With the election of Mexico’s next president less than four months away, his party's record on organized crime could be a problem for the popular PRI candidate Enrique Peña Nieto.
In the race to replace Felipe Calderon, the runaway leader thus far is Enrique Peña Nieto of the Institutional Revolutionary Party (PRI), who according to most polls enjoys a double-digit lead over Josefina Vazquez Mota of the ruling National Action Party (PAN). While Peña Nieto’s telegenic appearance and sophisticated public relations operation have helped make him a formidable contender, his party’s relationship with organized crime could become an albatross around his neck.
When it was finally voted from office in 2000, the PRI had governed Mexico for more than 70 years, a period that coincided with the formation of notorious smuggling networks like the Sinaloa Cartel, the Zetas, and various others. This was not just a case of insufficiently robust policy or negligent law enforcement, but of deep-rooted political corruption. During the 1980s and 1990s, elected officials and appointees of PRI governments, from Federal Police heavyweight Guillermo Gonzalez Calderoni to drug czar Jesus Gutierrez Rebollo, built up a record of active collusion with Mexican gangs.
Despite the PRI being out of power for the last 12 years, evidence of their links to the drug trade have continued to emerge. As noted by the LA Times and InSight Crime, one example is an ongoing investigation, launched in January, into three successive PRI governors in the turbulent border state of Tamaulipas. The federal government also sought to charge Jorge Hank Rhon -- the wealthy former mayor of Tijuana, son of one of the PRI’s most important figures of the 20th century, and a man long linked to drug trafficking -- on weapons charges. The case fell apart, however, due to allegations that the arresting troops manipulated evidence.
This history of drug ties has long been a major plank of the PAN’s attacks on the PRI, and the current campaign is not likely to be any different. When responding to criticisms of the spike in violence, the PAN's Calderon has frequently blamed the PRI’s years of corruption for making an aggressive strategy necessary today, pinning responsibility for the violence on his political adversaries. The PRI’s opponents also whisper about the possibility of a President Peña Nieto negotiating a pact with drug gangs that would trade impunity for less bloodshed, thus erasing whatever progress has been made to weaken the business.
Yet it is not clear that Vazquez Mota will be able to benefit from the PRI's dubious history. Many voters see the investigations of PRI officials as politically motivated, with the election just around the corner. Furthermore, while the public cares deeply about the issue and wide majorities support a robust anti-crime policy, Calderon’s approach has become synonymous with surging levels of crime, and many polls suggest a lack of confidence in the government’s ability to keep the country under control.
The nation is far more concerned by the current violence than by 20- and 30-year-old links between PRI governments and criminal networks, and so the incumbent party seems to have more to lose when the issue is discussed.
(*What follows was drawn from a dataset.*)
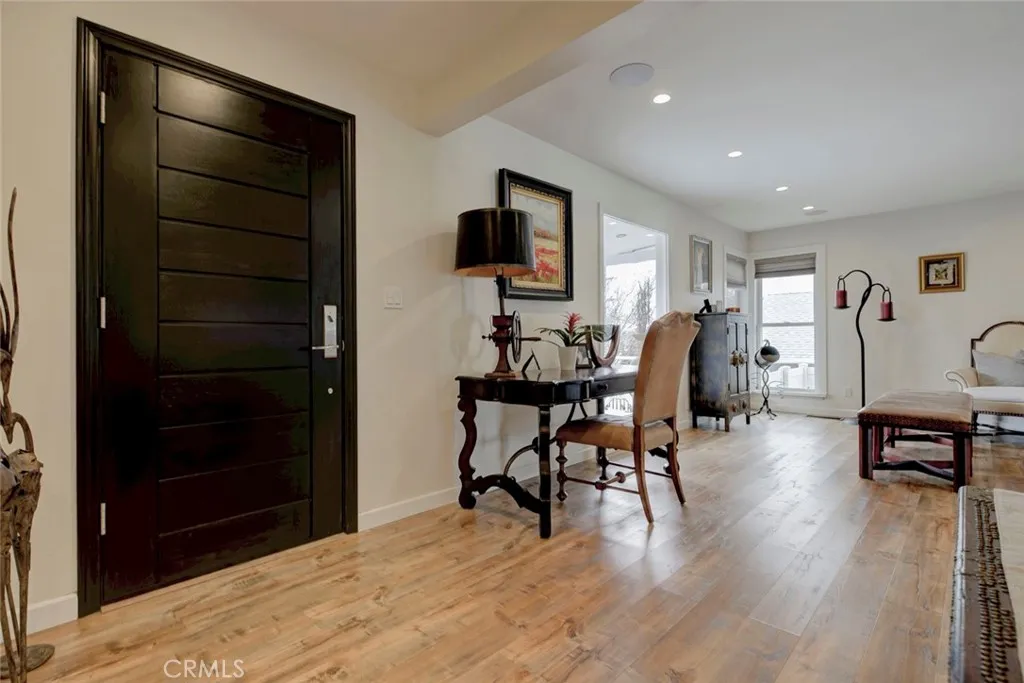 Entry/Living Room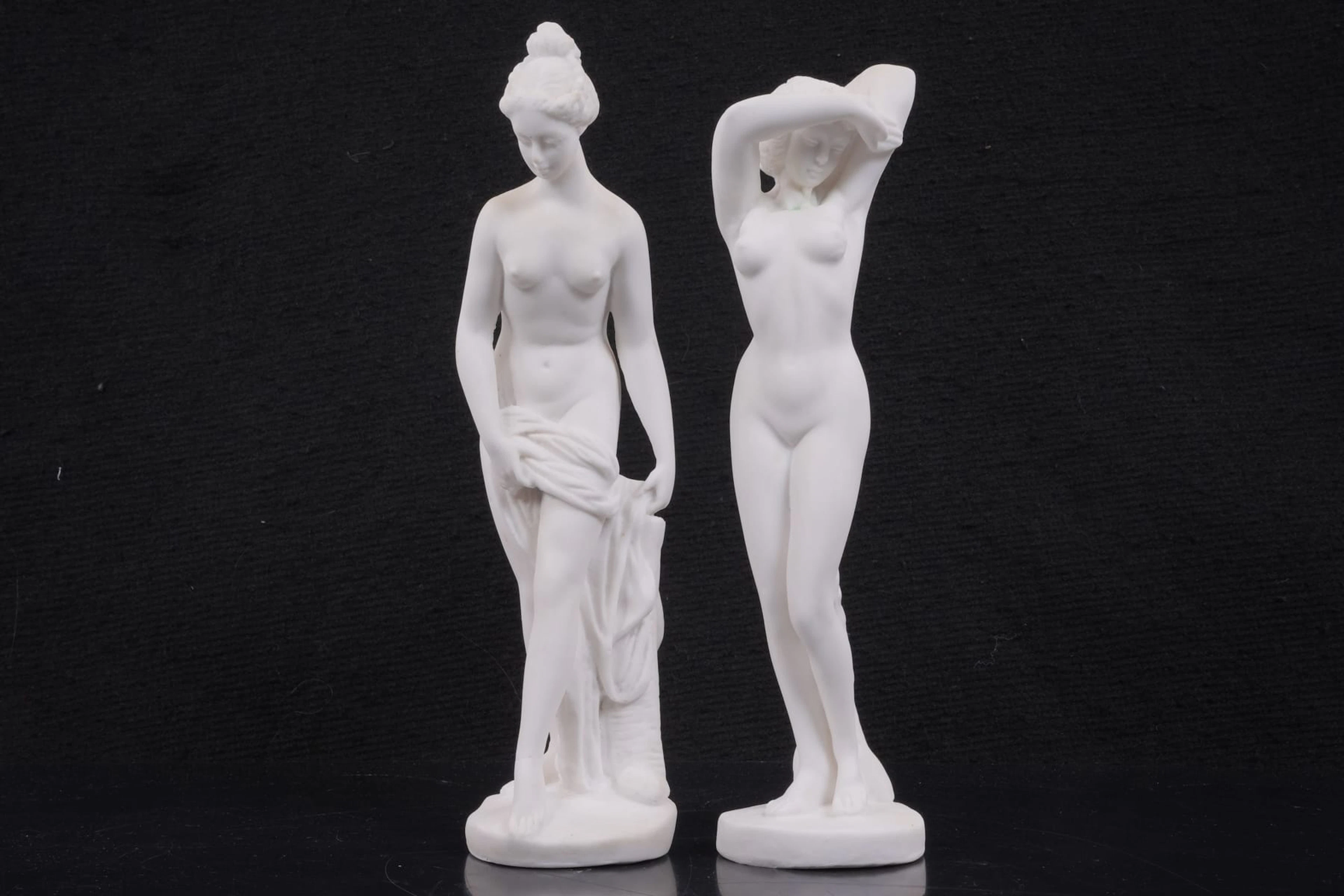 FIGURINER, 2 st, parian, 1900-tal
Many of those voting on July 1 will have no memory of, for instance, allegations that 1980s-era Defense Secretary Juan Arevalo Gardoqui trafficked cocaine, but everyone knows that violence has grown worse under Calderon.
It is telling that the third major candidate, Andres Manuel Lopez Obrador, who represents a coalition of leftist parties, has earned more headlines for criticizing Calderon on security than for reminding voters of the PRI’s past corruption, despite the PRI candidate running in first place.
Furthermore, Peña Nieto has sought to distance himself from his party’s past in a number of ways. He has repeatedly rejected any talk of a pact with organized crime, and has made a series of appearances in the US in which he essentially promised a continuation of Calderon's direct combat of organized crime. Peña Nieto’s outline of his criminal strategy, published in the Financial Times more than a year ago, resembles Calderon’s in many respects.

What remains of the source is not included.